## [WORK TASK]
From the material below, set down exactly the lines that run from the one containing "Kenya (1969): Warthogs" to the one containing "Trooping Funnel Fungi", minus the pictures.

## [AVAILABLE DATA]
-=-=-=-=-

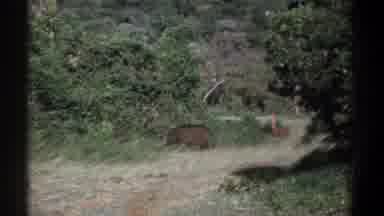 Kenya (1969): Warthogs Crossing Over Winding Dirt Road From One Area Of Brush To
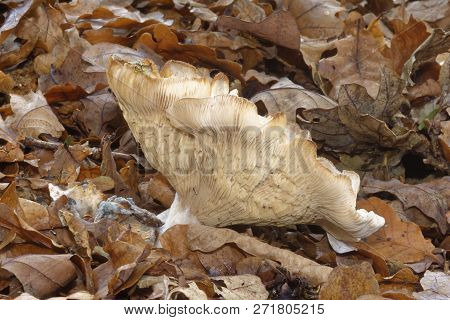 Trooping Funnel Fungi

-=-=-=-=-

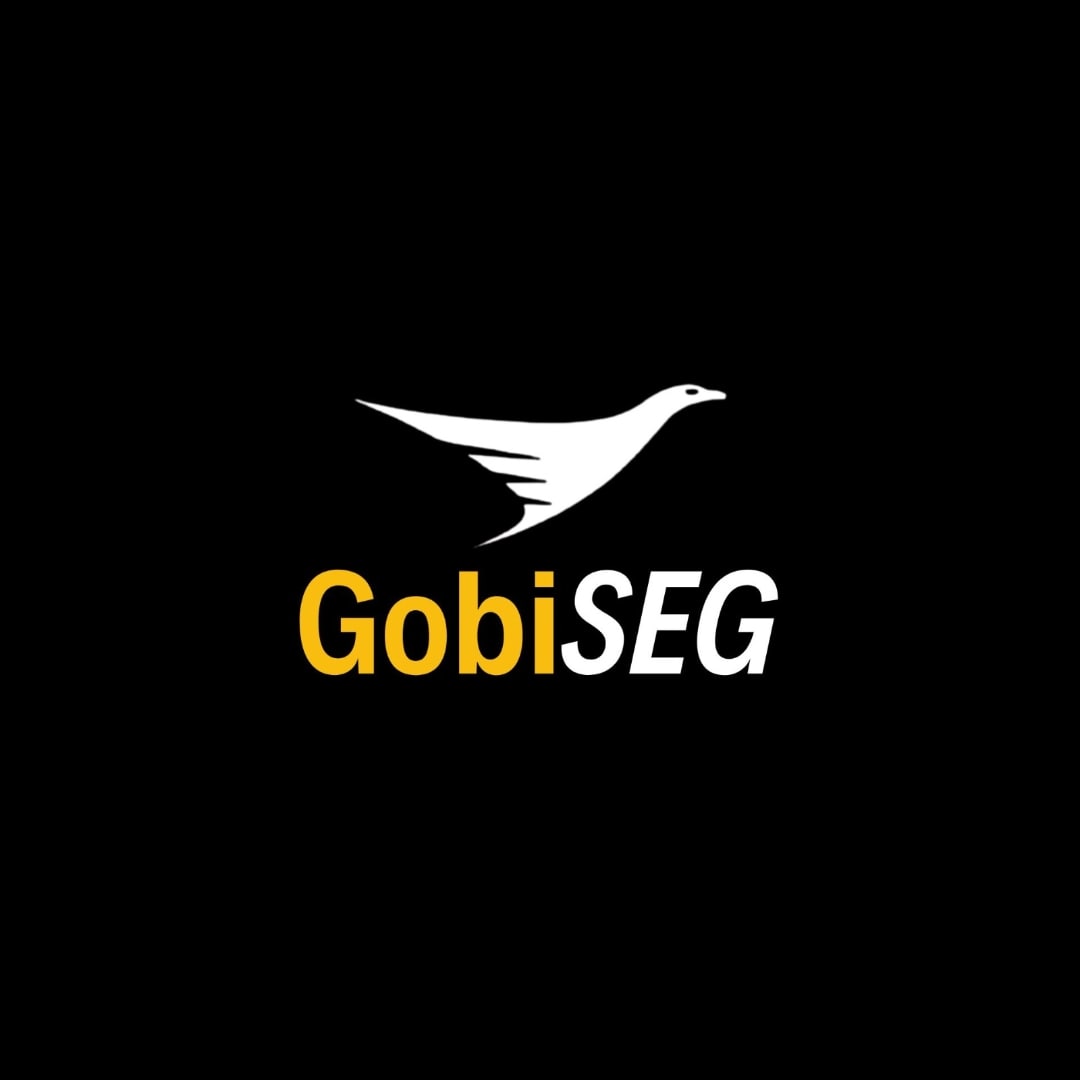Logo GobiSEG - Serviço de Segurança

-=-=-=-=-

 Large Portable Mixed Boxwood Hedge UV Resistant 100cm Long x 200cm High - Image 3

-=-=-=-=-

## [EXERCISE SOLUTION]
 Kenya (1969): Warthogs Crossing Over Winding Dirt Road From One Area Of Brush To
 Trooping Funnel Fungi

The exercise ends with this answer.